(Data entries)

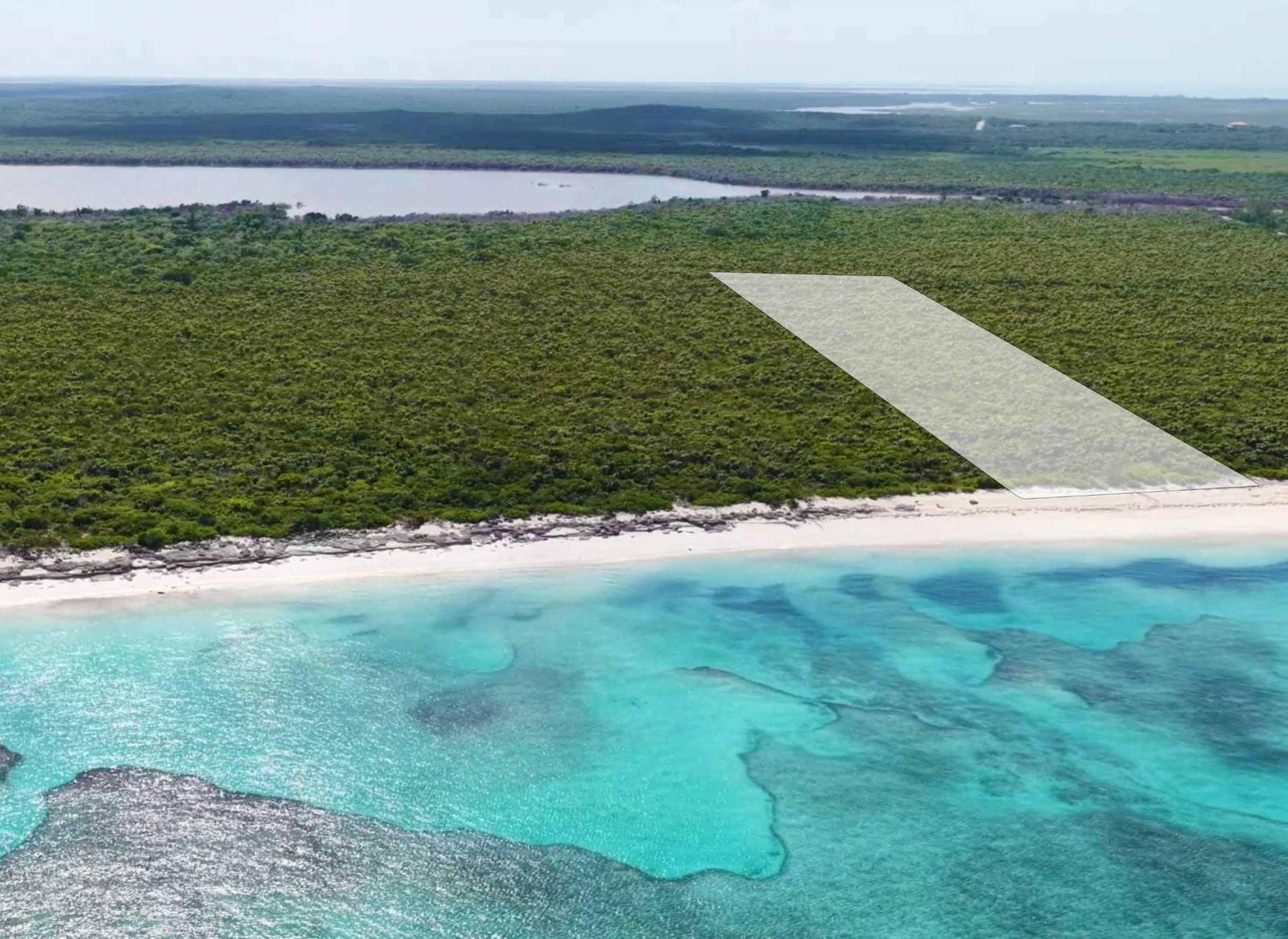 North Caicos Beach Front Development Land — photo 1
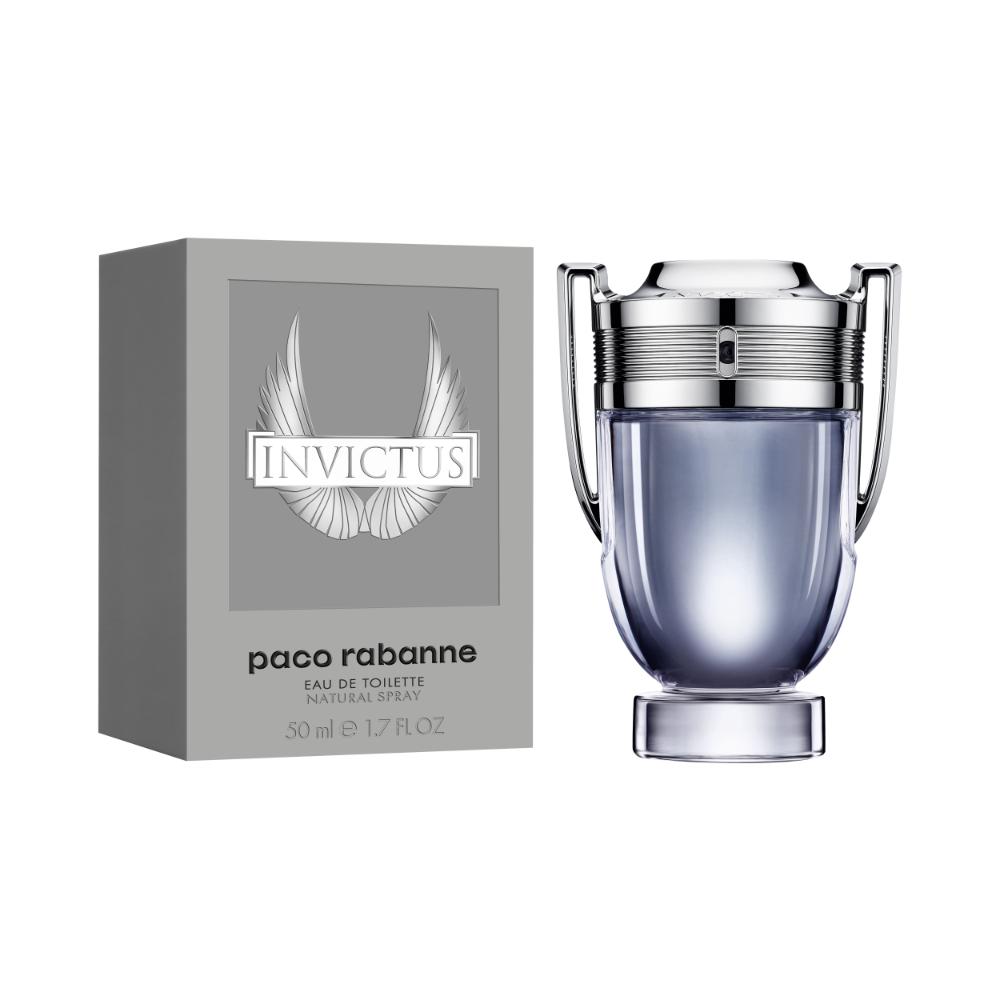 Paco Rabanne Invictus Eau De Toilette For Him
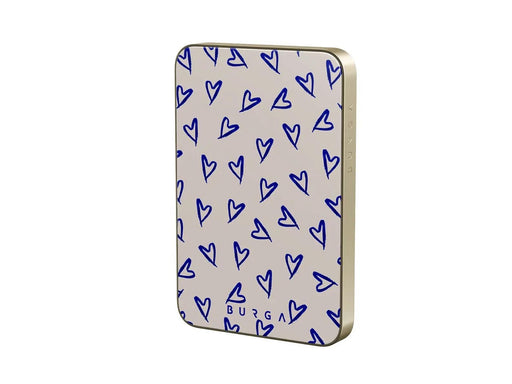 Burga Love Me Right - MagSafe Power Bank 5000 mAh Gold - 5000 mAh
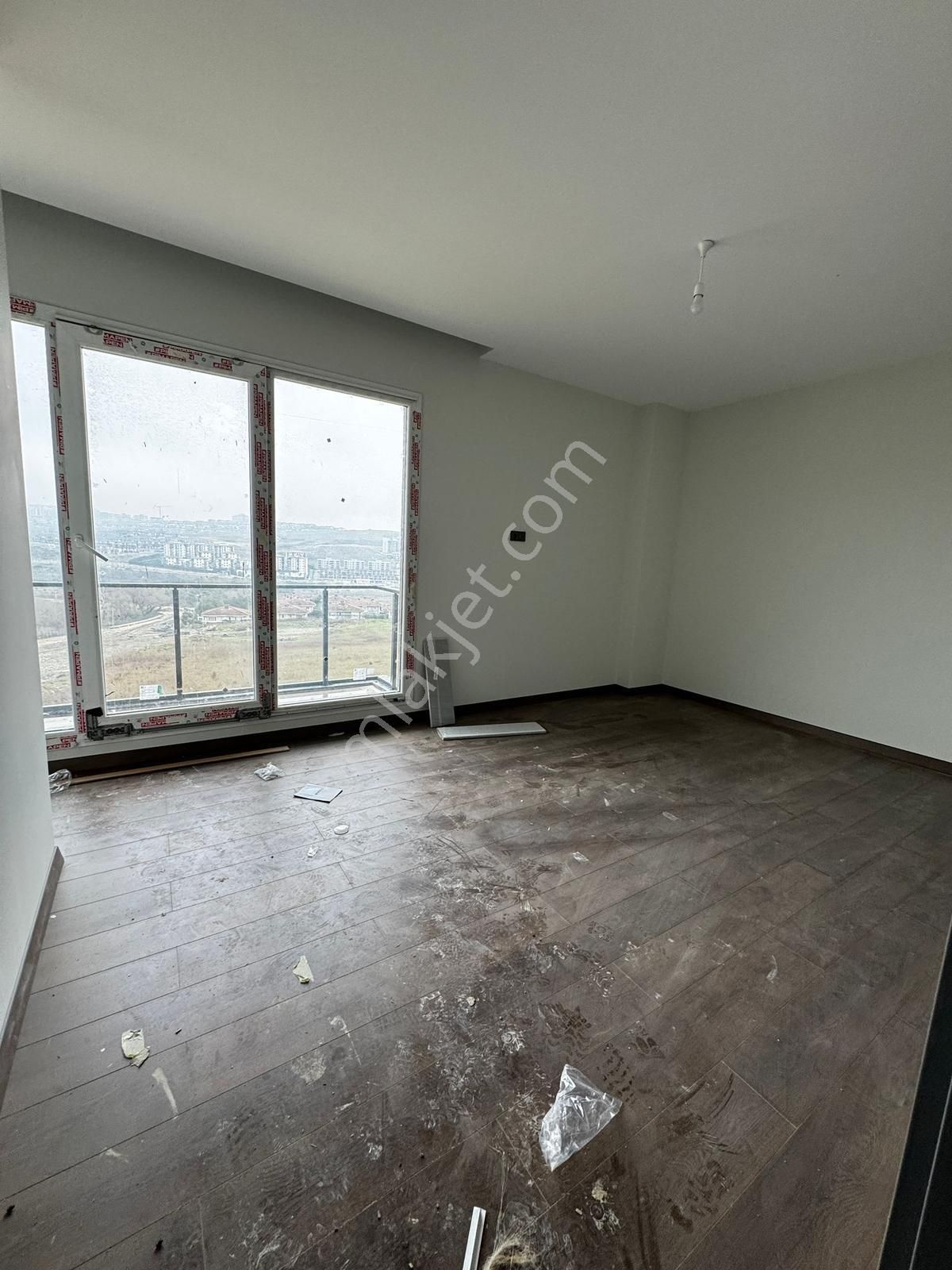 Bahçe Bahçeşehir Projesi Satılık 4+1 İkiz Villa Vadi Manzara - Görsel 22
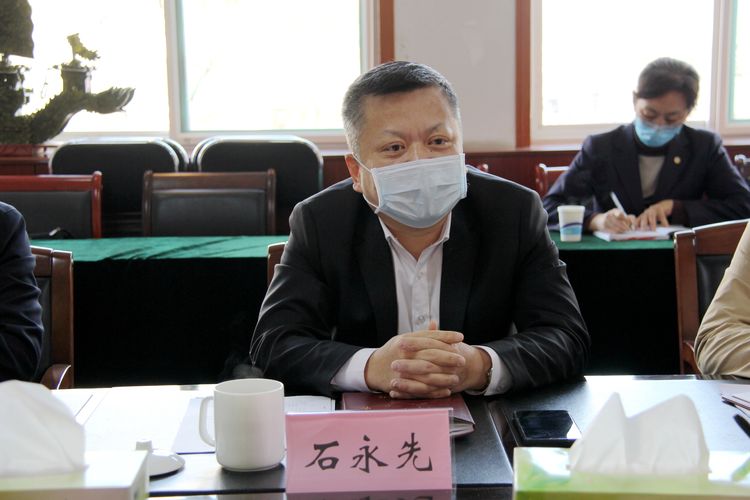 石永先调研民生工作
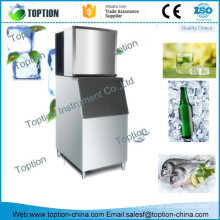 Stainless steel automatic commercial cube ice maker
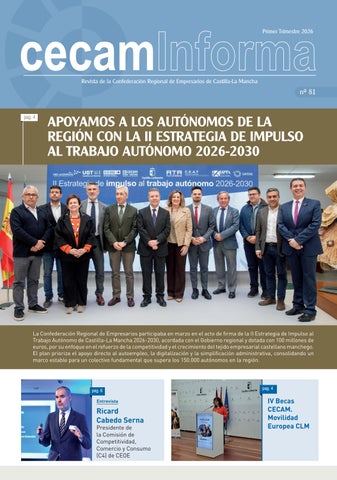 CECAM 81 -  PRIMER TRIMESTRE 2026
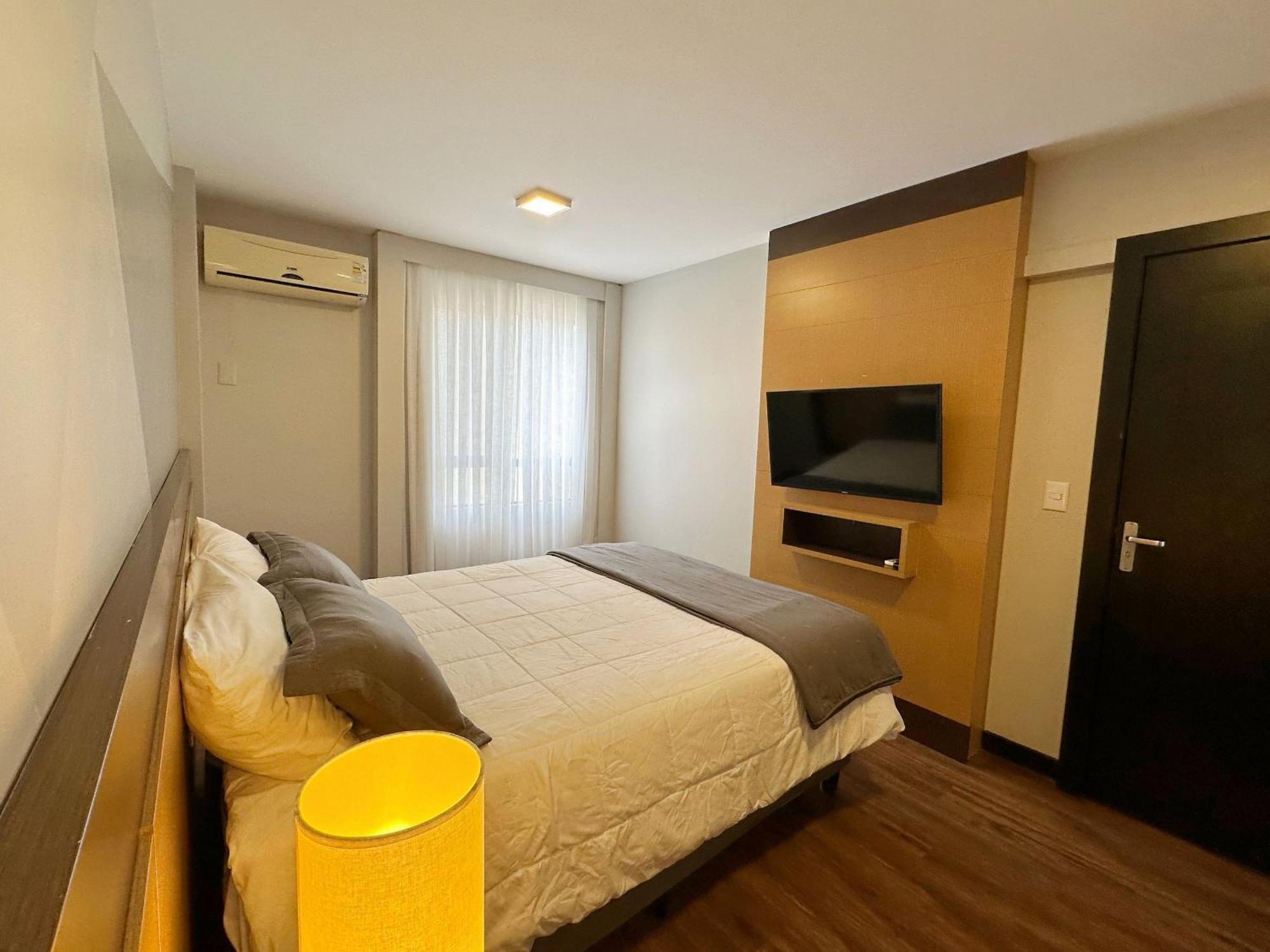 Central Park Flat Residence - Home Time Florianópolis Dış mekan fotoğraf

## Task to complete
Transcribe the entries from their first line to the line that holds "PRIMER TRIMESTRE 2026", both included, and skip every picture.

## Response
 North Caicos Beach Front Development Land — photo 1
 Paco Rabanne Invictus Eau De Toilette For Him
 Burga Love Me Right - MagSafe Power Bank 5000 mAh Gold - 5000 mAh
 Bahçe Bahçeşehir Projesi Satılık 4+1 İkiz Villa Vadi Manzara - Görsel 22
 石永先调研民生工作
 Stainless steel automatic commercial cube ice maker
 CECAM 81 -  PRIMER TRIMESTRE 2026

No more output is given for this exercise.